- **Material provided**
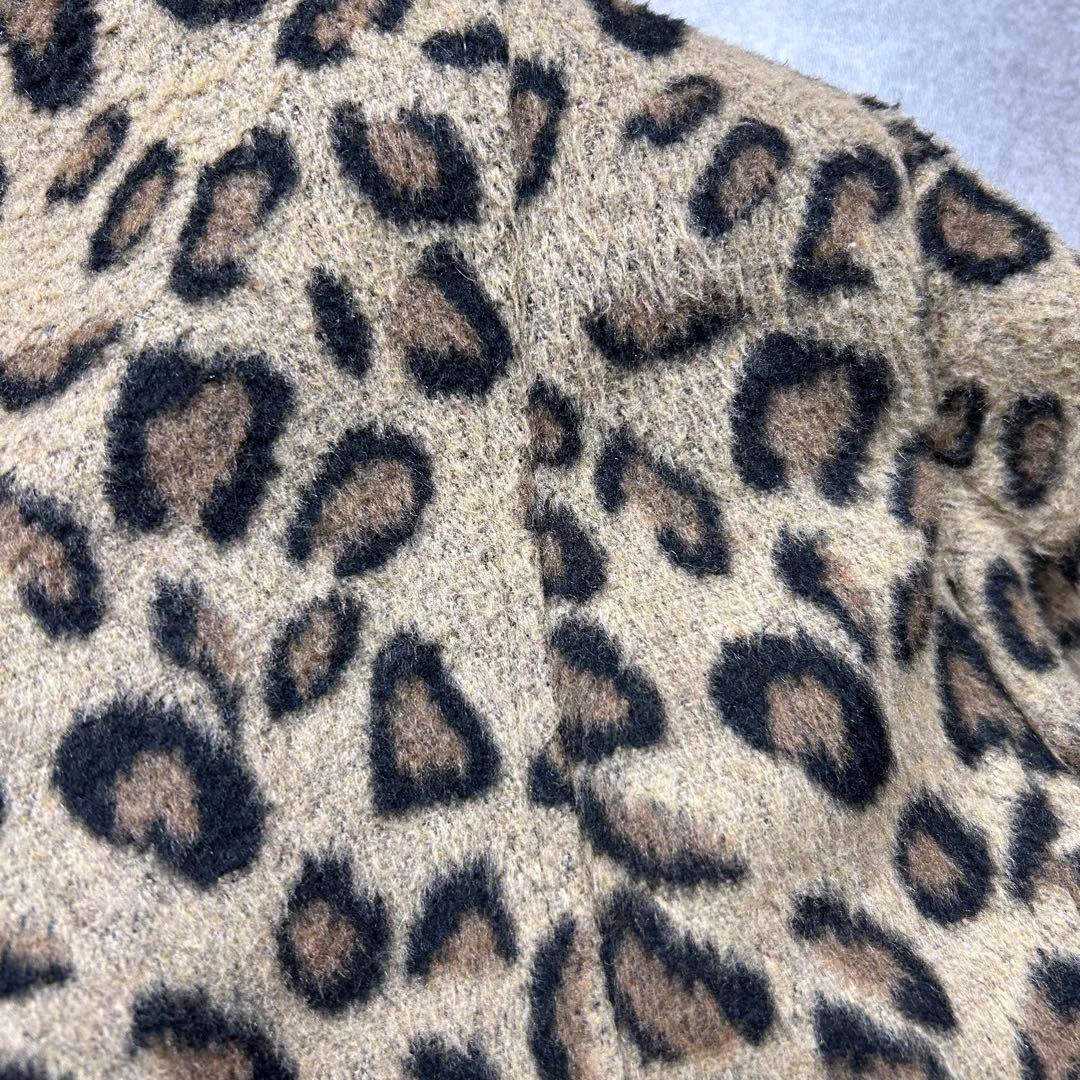 JOHNNY WOLF】ビックフードライダースロングコート/Y2K/豹柄/V系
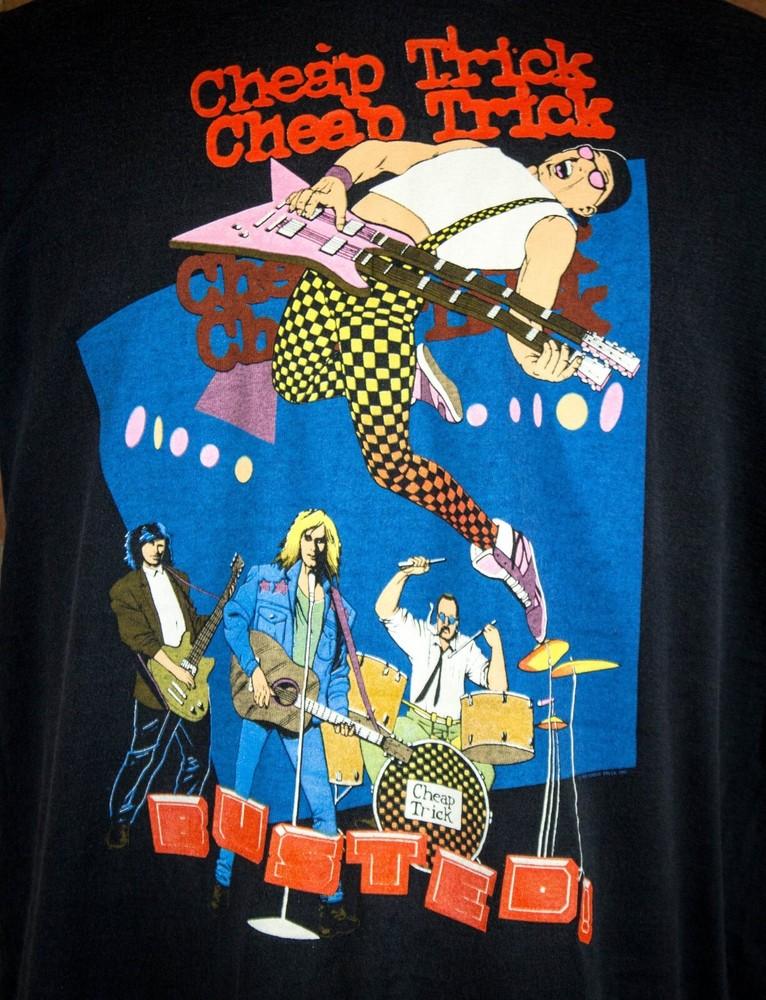 Vintage 1990 Cheap Trick Busted Tour Band T-Shirt  Black All Size AC932 Unisex T-Shirt M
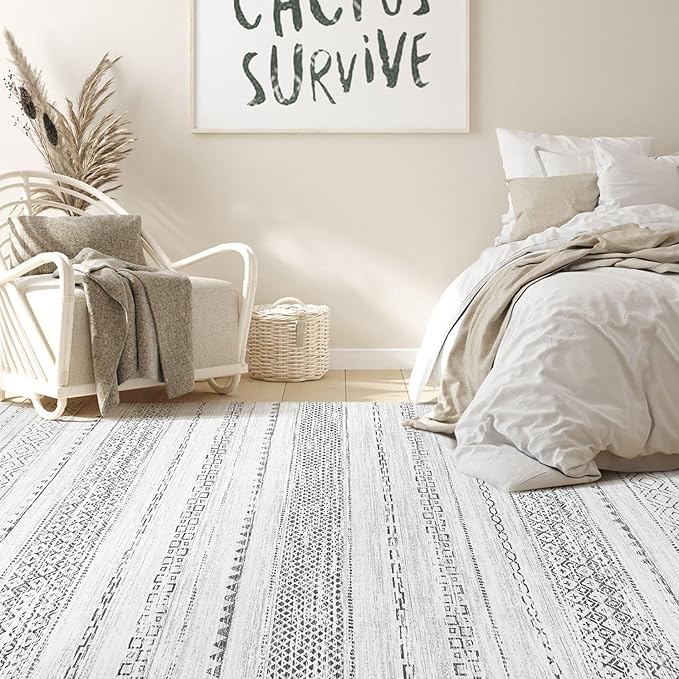 Nakagishi 5x8 Area Rugs Living Room: Washable Boho Large Neutral Soft Farmhouse - Image 6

- **What is expected**
The whole listing should be retyped word for word; none of its pictures belong in the copy.

- **Solution to this exercise**
 JOHNNY WOLF】ビックフードライダースロングコート/Y2K/豹柄/V系
 Vintage 1990 Cheap Trick Busted Tour Band T-Shirt  Black All Size AC932 Unisex T-Shirt M
 Nakagishi 5x8 Area Rugs Living Room: Washable Boho Large Neutral Soft Farmhouse - Image 6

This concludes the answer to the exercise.